Most classically, word blindness is caused by lesions on the brain, or by a stroke which causes brain damage. Typically the rear left part of the brain is affected, as this is the region which processes visual information like text. Since brain damage is rarely precisely selective, word blindness is often accompanied with an assortment of neurological symptoms.
Some people with word blindness also experience agraphia, the inability to write. In other cases, patients can write just fine, but they are not able to read what they wrote. Word blindness can also be paired with aphasia, the inability to communicate coherently, and some patients have difficulty comprehending spoken communications from other people. Because word blindness involves damage to the brain, treatment can be challenging, with doctors focusing on rehabilitation in the hopes that the brain can repair itself.
Alexia can be extremely upsetting, which can add to the difficulty in treatment, as the patient attempts to cope with the trauma of being suddenly unable to read. The support of family members and specialists can be crucial to ensure that the needs of patients are met, and the services of an experienced neurologist are also beneficial in treatment.
Some people also use the term “word blindness” to refer to people with severe dyslexia, a processing disorder which can make it difficult for people to understand printed material.
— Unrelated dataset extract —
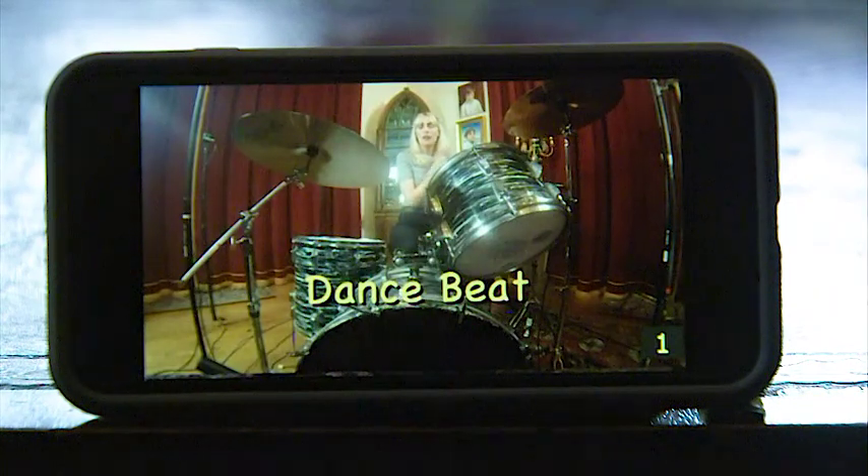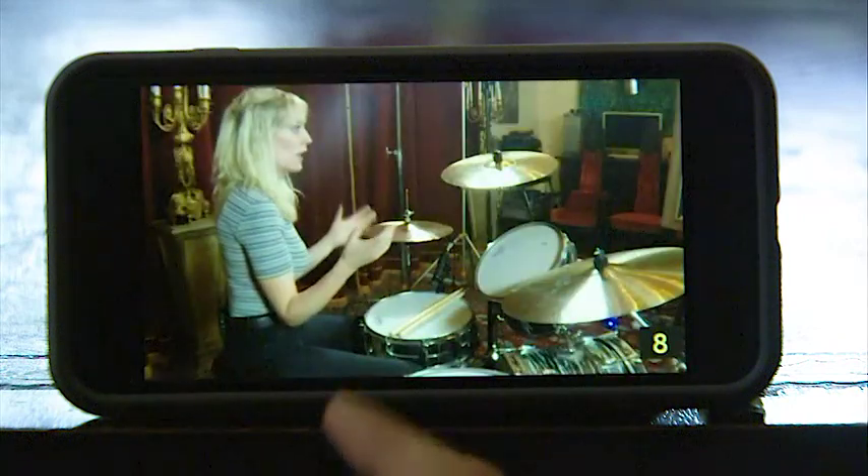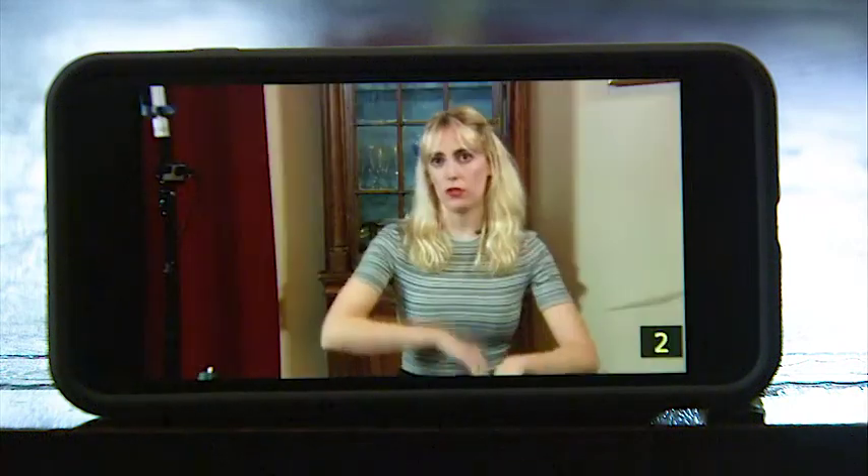Hi, my name is Rosie Slater and welcome to my first drum tutorial on GoView 360. While you're watching the tutorial you can swipe left or right and see different views and different angles of the drum set — just feet, just hands, an overview, or whatever you want to see.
In the case of dyslexia, a wide assortment of treatments can be used to cope with and eventually overcome the obstacles posed by the disorder, with many dyslexics going on to become very successful individuals.
Students with learning disabilities may develop some form of word blindness in this sense, due to a variety of factors. Students who have difficult reading should be referred to a learning disorder specialist for assessment, diagnosis, and treatment recommendations. The earlier such problems are addressed, the better the results will be. If a student with dyslexia or another learning disorder slips through the cracks, he or she will not have a chance to receive an education, which would be a great loss.
There are many more ways to treat learning disabilities in children than even a couple of decades ago. One great resource can be child psychologists, who can help parents determine if a child has some sort of word blindness, dyslexia, or something along the autism spectrum. Often, people with these problems can learn, they just need to approach materials in a different way from their peers.